Fig. 95. Method of Testing for Short-circuited Armature Coils.

This testing can be done very rapidly, and does not require delicate instruments or skilled operators.

Tests for short circuits in field coils can be made in a similar manner, by placing the coils on a core which is magnetized by alternating current. The presence of a short circuit, even of one convolution of a field coil, will be apparent from the increase in the alternating current required to magnetize the core upon which the field coil is being tested. The insulation resistance of armatures and fields is frequently tested by means of alternating current, about 2,000 volts being the common testing voltage for 500-volt motor coils. One terminal of the testing circuit is connected to the frame of the motor, and the other to its windings. Any weakness in the insulation insufficient to withstand 2,000 volts will, of course, be broken down by this test. Alternating current is generally used for such tests because it is usually more easily obtained at the proper voltage, as it is a simple matter to put in an alternating transformer which will give any desired voltage and which can be controlled by a primary circuit of low voltage.

Open circuits in the armature can be easily detected by placing the armature in a frame so that it can be rotated, the frame being provided with brushes resting 90° apart on the commutator. If either an alternating or direct current be passed through the armature by means of these brushes, and the armature be rotated by hand, a flash will occur when the open-circuited coils pass under the brushes. A large current should be used.

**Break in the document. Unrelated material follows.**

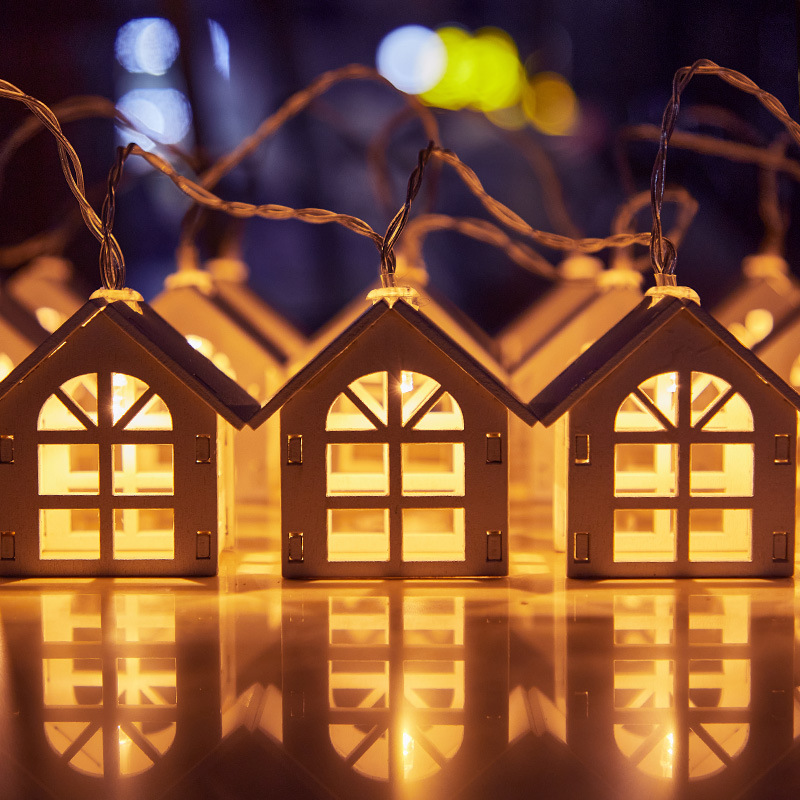 10L LED房子圣诞灯，节日装饰灯，圣诞灯详情1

The tests just mentioned are among the best of the methods used by electric-railway companies for systematic work in the location of certain classes of faults. A large number of other methods of testing have also been evolved.

The following are some of the most common faults experienced with electric railway car equipments:

Grounds. As one side of the circuit is grounded, any accidental leakage of current from the car wiring or the motors to ground will cause a partial short circuit. Such a ground on a motor will manifest itself by blowing the fuse or opening the circuit breaker whenever current is turned into the motor. In case the fuse blows when the trolley is placed on the wire and the controller is off, it is a sign that there is a ground somewhere in the car wiring outside of the motors. Moisture and the abrasion of wires are the most common causes of grounds in car wiring. In motors, defects are usually due to overheating and the charring of the insulation.

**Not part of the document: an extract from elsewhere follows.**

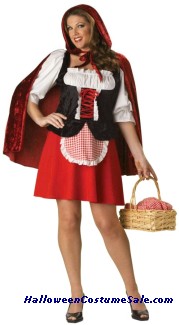 RED RIDING HOOD PLUS SIZE COSTUME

Burn-Outs. Burning out of motors is due to two general causes: First, a ground on the motor, which, by causing a partial short circuit, causes an excessive current to flow; second, overloading the motor, which causes a gradual burning or carbonizing of the insulation until it finally breaks down.

Short-circuited field coils having a few of their turns short-circuited, if not promptly discovered, are likely to result in burned-out armatures, as the weakening of the field reduces the counter-electromotive force of the motor, so that an abnormally large current flows through the armatures. Cars with partially short-circuited fields are likely to run above their proper speed, though, if only one motor on a four-motor equipment has defective fields, the motor armature is likely to burn out before the defect is noticed from the increase in speed.